Spencer si chiuse la porta alle spalle. Il silenzio e l'oscurità del suo nuovo appartamento l'avvolsero come una coperta nera.
Si era trasferita a vivere da sola da poco. Sua sorella Stacy aveva fatto lo stesso qualche settimana prima, lei e Steve avevano acquistato una piccola villetta in un quartiere residenziale di New York. Là le case erano tutte uguali ed i vicini sorridenti, il posto perfetto per mettere su famiglia. Spencer aveva fatto visita alla sorella molte volte, accompagnata da Scott, e si era innamorata di quel posto.
Però aveva scelto di vivere a stretto contatto con i grattacieli e la vita frenetica del centro città. Aveva trovato un piccolo ma accogliente e moderno appartamento nello stesso palazzo del padre, la coppia che ci abitava prima si era trasferita dopo aver avuto una bambina, preferendo la vita di campagna lontano dai fumi nocivi e dal caos della Grande Mela.

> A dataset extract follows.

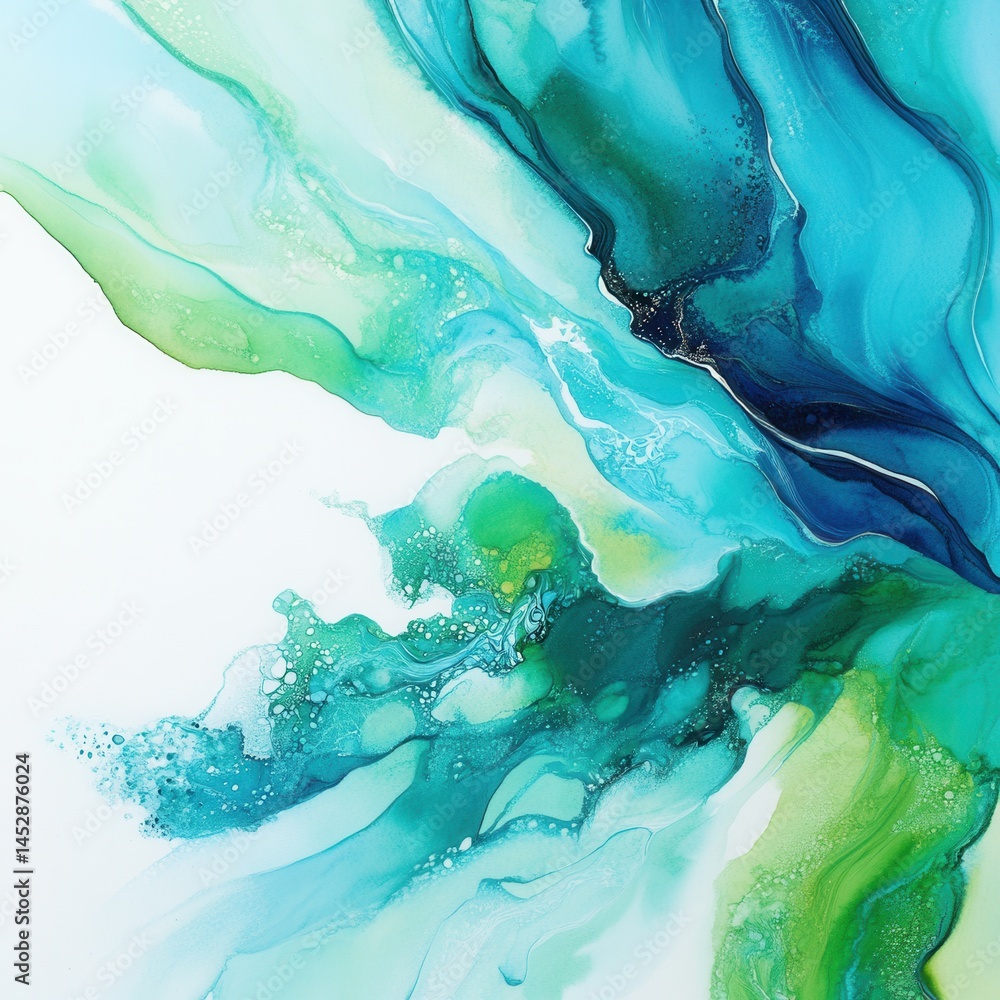 Aufkleber abstract fluid art painting in shades of teal and green creating a mesmerizing watercolor effect wit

A Tony era dispiaciuto perdere entrambe le figlie in così poco tempo ma era giunto il momento che entrambi si facessero una propria vita e continuava a vederle ogni giorno al lavoro anche se non era la stessa cosa averle che gironzolavano per casa.
Spencer sbadigliò stanca, era andata con Scott e Cassie al cinema a vedere un film su dei buffi pupazzetti gialli chiamati Minions, che le avevano rubato il cuore. Insieme alla bimba si era ritrovata d'accordo sul fatto che ne volesse uno.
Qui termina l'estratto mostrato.